Y by megarnie, I-_-I, fuzimiao2013, ApraTrip, centslordm, ihatemath123, insertionsort, Bradygho, mathleticguyyy, rayfish, Mango247, sargamsujit

:love:

:love:

:love:

:love:

:love:

PART I. Standard Observations

First make a few computational observations:

The semiperimeter is $s = \tfrac{AB + AC + BC}{2} = \tfrac{24 + 14}{2} = 19$ .
The lengths of $AE = AF$ are $s - BC = 19 - 14 = 5$ .

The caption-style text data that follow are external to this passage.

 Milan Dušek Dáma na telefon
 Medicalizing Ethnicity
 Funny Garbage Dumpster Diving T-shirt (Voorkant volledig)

We can also make the following geometric observation:

Claim wrote:

Lines $AI$ and $MD$ are perpendicular to $EF$ . In particular, $D$ is necessarily the foot of the altitude from $M$ onto $EF$ .

Proof: Observe that since $\overline{AI}$ bisects $\angle A$ in $\triangle ABC$ , it also bisects $\angle A$ in $\triangle AEF$ . However, since $\triangle AEF$ is isosceles, the angle bisector $\overline{AI}$ must also be an altitude, so $AI \perp EF$ .

Consequently, since $ADMI$ is a parallelogram, $MD \perp EF$ as well. $\square$

Part II. wait what how did that just work

In order to learn more about $\triangle ABC$ , we'll focus primarily on the condition that $AI = MD$ (which follows from $AIMD$ being a parallelogram).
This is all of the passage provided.